::: AVAILABLE RECORDS
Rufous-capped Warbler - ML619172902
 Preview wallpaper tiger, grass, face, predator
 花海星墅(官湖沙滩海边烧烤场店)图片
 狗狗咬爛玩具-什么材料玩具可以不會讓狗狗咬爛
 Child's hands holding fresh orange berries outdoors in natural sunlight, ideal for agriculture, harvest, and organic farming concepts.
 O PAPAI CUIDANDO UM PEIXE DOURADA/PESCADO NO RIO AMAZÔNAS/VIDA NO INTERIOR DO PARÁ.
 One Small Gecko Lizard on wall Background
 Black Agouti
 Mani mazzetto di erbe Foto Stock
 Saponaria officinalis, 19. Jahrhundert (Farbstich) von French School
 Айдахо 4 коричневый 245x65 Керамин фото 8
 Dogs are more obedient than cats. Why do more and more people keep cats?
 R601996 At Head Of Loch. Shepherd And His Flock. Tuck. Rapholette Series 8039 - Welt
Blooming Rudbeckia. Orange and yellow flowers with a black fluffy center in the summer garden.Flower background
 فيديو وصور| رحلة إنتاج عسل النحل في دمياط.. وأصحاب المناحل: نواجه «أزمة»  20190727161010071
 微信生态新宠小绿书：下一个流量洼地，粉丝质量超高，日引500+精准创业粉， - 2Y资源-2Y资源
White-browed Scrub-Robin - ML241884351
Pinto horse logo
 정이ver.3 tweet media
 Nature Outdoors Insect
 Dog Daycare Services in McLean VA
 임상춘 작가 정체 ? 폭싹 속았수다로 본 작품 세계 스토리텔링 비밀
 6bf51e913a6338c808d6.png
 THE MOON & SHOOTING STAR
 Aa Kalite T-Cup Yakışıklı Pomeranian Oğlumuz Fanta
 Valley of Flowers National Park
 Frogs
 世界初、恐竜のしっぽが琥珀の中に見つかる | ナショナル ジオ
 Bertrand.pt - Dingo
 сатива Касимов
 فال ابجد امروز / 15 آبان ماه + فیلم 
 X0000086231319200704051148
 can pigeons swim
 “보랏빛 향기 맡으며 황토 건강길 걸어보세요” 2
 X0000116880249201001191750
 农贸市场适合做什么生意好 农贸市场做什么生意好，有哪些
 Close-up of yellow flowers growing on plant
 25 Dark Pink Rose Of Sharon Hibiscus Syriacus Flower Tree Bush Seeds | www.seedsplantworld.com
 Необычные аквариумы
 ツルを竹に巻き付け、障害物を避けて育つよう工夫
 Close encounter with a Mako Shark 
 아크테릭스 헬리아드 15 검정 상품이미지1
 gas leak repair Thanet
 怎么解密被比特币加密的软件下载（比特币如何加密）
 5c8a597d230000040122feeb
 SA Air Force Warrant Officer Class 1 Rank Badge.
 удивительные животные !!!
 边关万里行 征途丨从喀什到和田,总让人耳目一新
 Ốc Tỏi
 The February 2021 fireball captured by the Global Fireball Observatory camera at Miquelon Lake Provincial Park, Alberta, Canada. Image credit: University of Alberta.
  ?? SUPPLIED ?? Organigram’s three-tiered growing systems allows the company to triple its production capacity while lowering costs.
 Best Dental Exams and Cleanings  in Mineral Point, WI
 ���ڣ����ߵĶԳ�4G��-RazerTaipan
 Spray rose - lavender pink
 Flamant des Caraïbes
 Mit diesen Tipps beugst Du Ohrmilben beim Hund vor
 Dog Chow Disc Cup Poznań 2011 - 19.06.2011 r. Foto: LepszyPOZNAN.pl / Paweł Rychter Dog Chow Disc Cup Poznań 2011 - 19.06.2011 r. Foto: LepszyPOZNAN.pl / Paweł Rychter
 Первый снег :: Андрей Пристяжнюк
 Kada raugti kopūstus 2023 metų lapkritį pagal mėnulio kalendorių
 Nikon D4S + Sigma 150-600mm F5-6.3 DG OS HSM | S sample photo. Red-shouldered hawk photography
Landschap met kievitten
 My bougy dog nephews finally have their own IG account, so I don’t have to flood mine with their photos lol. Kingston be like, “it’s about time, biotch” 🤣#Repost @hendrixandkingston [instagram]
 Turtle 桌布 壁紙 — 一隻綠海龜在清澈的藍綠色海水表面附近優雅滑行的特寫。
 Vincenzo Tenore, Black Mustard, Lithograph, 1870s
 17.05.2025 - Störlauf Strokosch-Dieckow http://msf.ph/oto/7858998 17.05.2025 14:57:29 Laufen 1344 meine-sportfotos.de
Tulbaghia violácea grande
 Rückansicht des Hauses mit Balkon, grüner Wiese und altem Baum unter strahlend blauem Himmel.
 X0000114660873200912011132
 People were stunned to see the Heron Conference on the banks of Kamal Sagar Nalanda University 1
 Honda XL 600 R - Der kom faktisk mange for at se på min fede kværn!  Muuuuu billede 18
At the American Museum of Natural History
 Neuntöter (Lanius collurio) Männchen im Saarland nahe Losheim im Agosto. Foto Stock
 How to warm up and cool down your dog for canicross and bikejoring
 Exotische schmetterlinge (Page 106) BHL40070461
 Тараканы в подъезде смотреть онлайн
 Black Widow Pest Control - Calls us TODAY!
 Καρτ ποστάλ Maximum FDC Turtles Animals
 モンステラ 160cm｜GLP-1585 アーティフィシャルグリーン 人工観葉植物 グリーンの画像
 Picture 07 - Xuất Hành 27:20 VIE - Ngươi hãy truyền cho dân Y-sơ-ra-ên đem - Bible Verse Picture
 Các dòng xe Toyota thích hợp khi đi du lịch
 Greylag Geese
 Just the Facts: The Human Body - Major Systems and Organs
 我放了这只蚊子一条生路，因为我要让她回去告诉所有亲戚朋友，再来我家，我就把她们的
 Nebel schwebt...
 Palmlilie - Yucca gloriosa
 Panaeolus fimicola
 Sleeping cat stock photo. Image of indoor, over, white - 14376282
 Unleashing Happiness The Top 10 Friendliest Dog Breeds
::::::
▶ [TASK TO COMPLETE]
Give back the lines of the data exactly as they are written, from the first line through the line containing "Black Agouti".

▶ [EXERCISE RESPONSE]
Rufous-capped Warbler - ML619172902
 Preview wallpaper tiger, grass, face, predator
 花海星墅(官湖沙滩海边烧烤场店)图片
 狗狗咬爛玩具-什么材料玩具可以不會讓狗狗咬爛
 Child's hands holding fresh orange berries outdoors in natural sunlight, ideal for agriculture, harvest, and organic farming concepts.
 O PAPAI CUIDANDO UM PEIXE DOURADA/PESCADO NO RIO AMAZÔNAS/VIDA NO INTERIOR DO PARÁ.
 One Small Gecko Lizard on wall Background
 Black Agouti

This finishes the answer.